▶ [Data extracts]:

+-------+

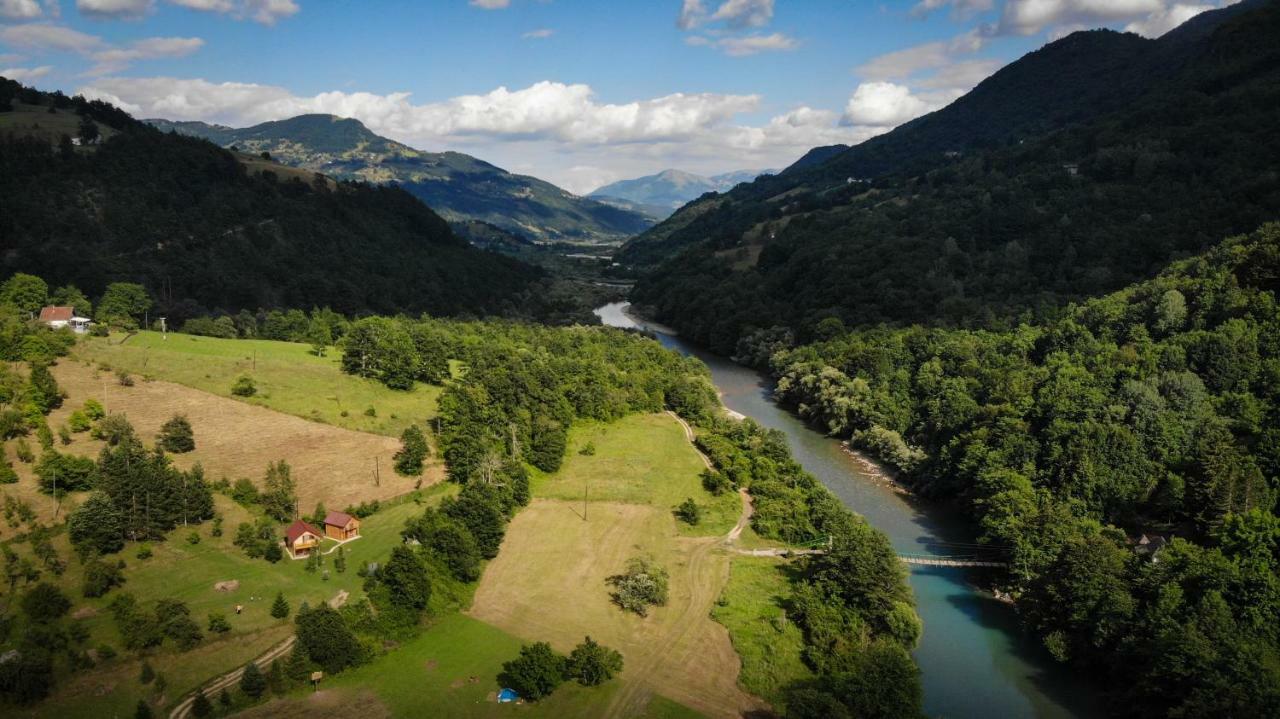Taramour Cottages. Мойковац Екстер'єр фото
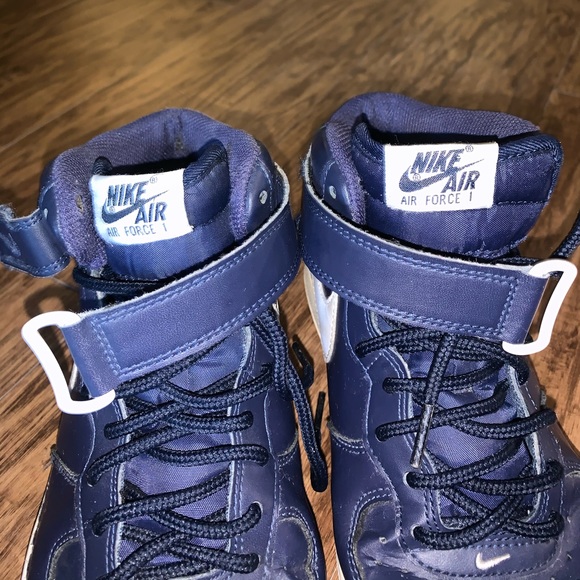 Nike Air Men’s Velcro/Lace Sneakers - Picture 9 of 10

+-------+

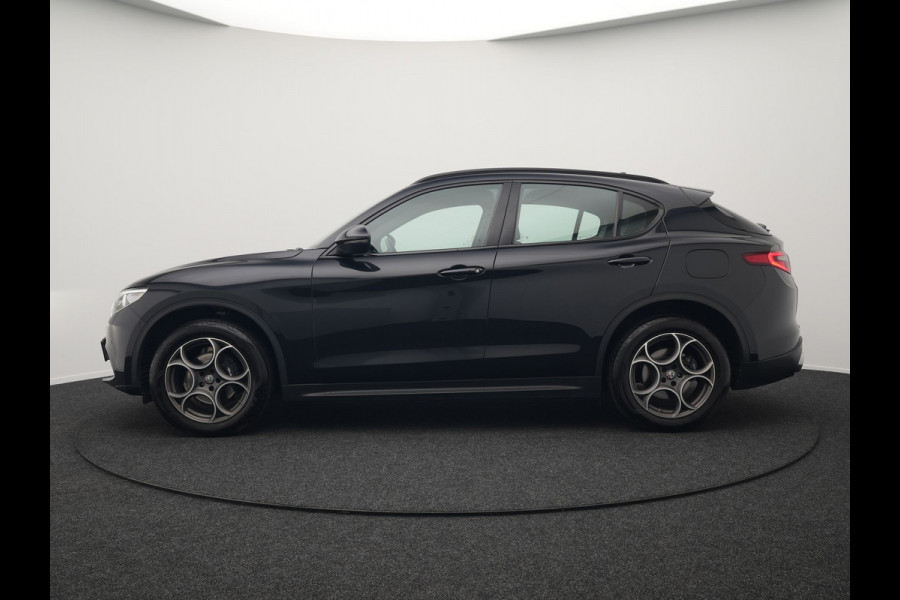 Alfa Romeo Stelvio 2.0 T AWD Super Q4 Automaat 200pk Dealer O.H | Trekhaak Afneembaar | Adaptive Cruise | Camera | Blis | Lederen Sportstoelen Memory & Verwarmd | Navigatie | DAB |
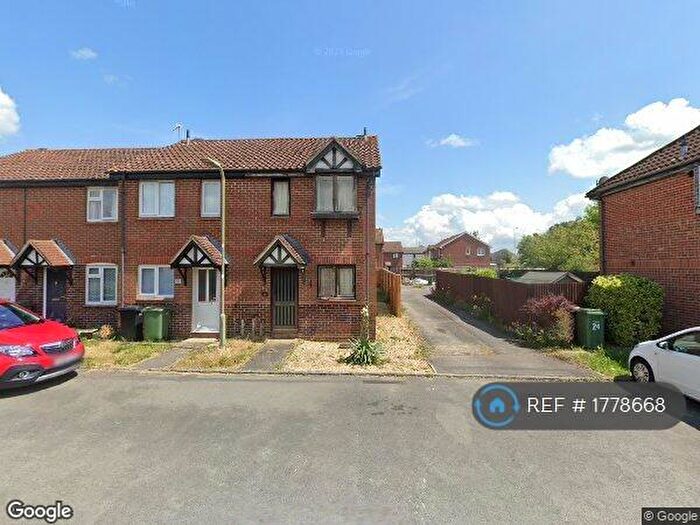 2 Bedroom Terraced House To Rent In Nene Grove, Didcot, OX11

+-------+

▶ [Problem details]:
Go to the line above holding "Taramour Cottages. Мойковац Екстер'єр фото", then copy exactly each line down to and including the one holding "Nike Air Men’s", leaving pictures out.

▶ [Problem solution]:
Taramour Cottages. Мойковац Екстер'єр фото
 Nike Air Men’s Velcro/Lace Sneakers - Picture 9 of 10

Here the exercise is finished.